The three main models
UK churches considering solar have three principal alternatives to parish-owned solar:
1. Community-owned solar (co-op model)
A community energy co-operative owns the solar PV asset and rents the roof space from the parish. The co-op funds installation, takes on operational responsibility, and sells electricity to the parish at a discounted rate (typically 15-25% below grid retail). Term: 15-25 years. At end of term the assets typically transfer to the parish at nominal cost.
Best for: parishes that don't want to take capital risk, parishes where grant funding doesn't cover full capex, parishes wanting to engage the wider community in the project.
2. Sleeve Power Purchase Agreements (PPA)
A commercial solar developer funds and owns the panels, selling electricity to the parish at a contracted rate for a fixed term. Different from the co-op model in that the owner is a commercial entity rather than a community co-op. Less common for parish-scale work; more common for cathedral-scale or multi-site portfolios.
Best for: cathedrals or large multi-building parish estates where parish capital is genuinely unavailable and grants insufficient.
3. Shared-meter parish energy
Multiple buildings on a single parish site (church, hall, vicarage, sometimes school) operate under shared metering. The parish owns the panels; the metering arrangement allows generation to be allocated flexibly across all uses, improving self-consumption from 35-40% to 70-85%.

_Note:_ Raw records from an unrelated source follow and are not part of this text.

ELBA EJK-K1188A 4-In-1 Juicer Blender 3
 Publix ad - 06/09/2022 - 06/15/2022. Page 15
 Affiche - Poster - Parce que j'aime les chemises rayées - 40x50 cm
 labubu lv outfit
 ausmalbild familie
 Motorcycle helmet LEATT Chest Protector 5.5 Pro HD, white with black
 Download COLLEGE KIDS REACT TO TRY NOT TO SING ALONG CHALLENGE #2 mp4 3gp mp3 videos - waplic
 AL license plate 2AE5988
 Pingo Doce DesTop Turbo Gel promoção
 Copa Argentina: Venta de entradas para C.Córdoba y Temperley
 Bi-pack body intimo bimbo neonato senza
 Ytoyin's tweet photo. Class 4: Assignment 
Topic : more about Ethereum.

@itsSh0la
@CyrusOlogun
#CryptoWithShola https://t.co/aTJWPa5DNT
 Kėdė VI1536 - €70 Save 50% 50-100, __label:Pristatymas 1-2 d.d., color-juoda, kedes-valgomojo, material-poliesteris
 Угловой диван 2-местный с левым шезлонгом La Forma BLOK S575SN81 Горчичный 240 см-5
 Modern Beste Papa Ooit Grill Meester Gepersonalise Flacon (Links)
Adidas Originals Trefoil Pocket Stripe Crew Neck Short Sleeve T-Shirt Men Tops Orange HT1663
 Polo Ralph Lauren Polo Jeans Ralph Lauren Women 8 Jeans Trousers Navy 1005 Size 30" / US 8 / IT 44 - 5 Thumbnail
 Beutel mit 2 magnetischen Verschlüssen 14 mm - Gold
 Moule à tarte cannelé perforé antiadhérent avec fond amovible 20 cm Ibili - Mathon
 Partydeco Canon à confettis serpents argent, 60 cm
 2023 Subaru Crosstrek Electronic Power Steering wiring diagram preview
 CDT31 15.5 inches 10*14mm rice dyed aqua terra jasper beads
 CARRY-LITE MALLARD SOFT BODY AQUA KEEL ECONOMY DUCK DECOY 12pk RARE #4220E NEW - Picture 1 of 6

Best for: parishes with multiple buildings on a single site where the metering reconfiguration is achievable. Diocese of Oxford and Bristol have piloted this model successfully.
UK examples
- Oxfordshire Greener Group: Oxfordshire-based community energy co-op operating multiple parish solar installations across Oxford diocese
- Bristol Energy Co-op: Established community energy operator with church and community-building portfolio across the South West
- Manchester GMEN (Greater Manchester Energy Network): Network of community energy co-ops covering multiple Manchester parishes
- South East London Community Energy: Cross-borough community energy delivery in south London, including several parish installations
- Repowering London: Community-owned solar across multiple London-area community buildings including churches
- Energy4All: National umbrella organisation supporting community energy co-ops including those serving parish installations
Economic comparison
| Model | Upfront cost | Annual saving (yr 1) | 25-year value to parish |
|---|---|---|---|
| Parish-owned (with grants) | £5-15k net | £3,000-£5,500 | £90,000-£150,000 |
| Community-owned co-op | £0 | £1,200-£2,500 | £35,000-£65,000 |
| Sleeve PPA | £0 | £800-£1,800 | £25,000-£50,000 |
| Shared-meter parish-owned | £8-20k net (with grants) | £5,500-£10,000 | £150,000-£260,000 |
Parish-owned (with grants) is the strongest economic model for most parishes that can fund the modest net capex. Community-owned co-op is the right answer for parishes that genuinely cannot or do not want to commit capital. Shared-meter is the strongest economic model when achievable.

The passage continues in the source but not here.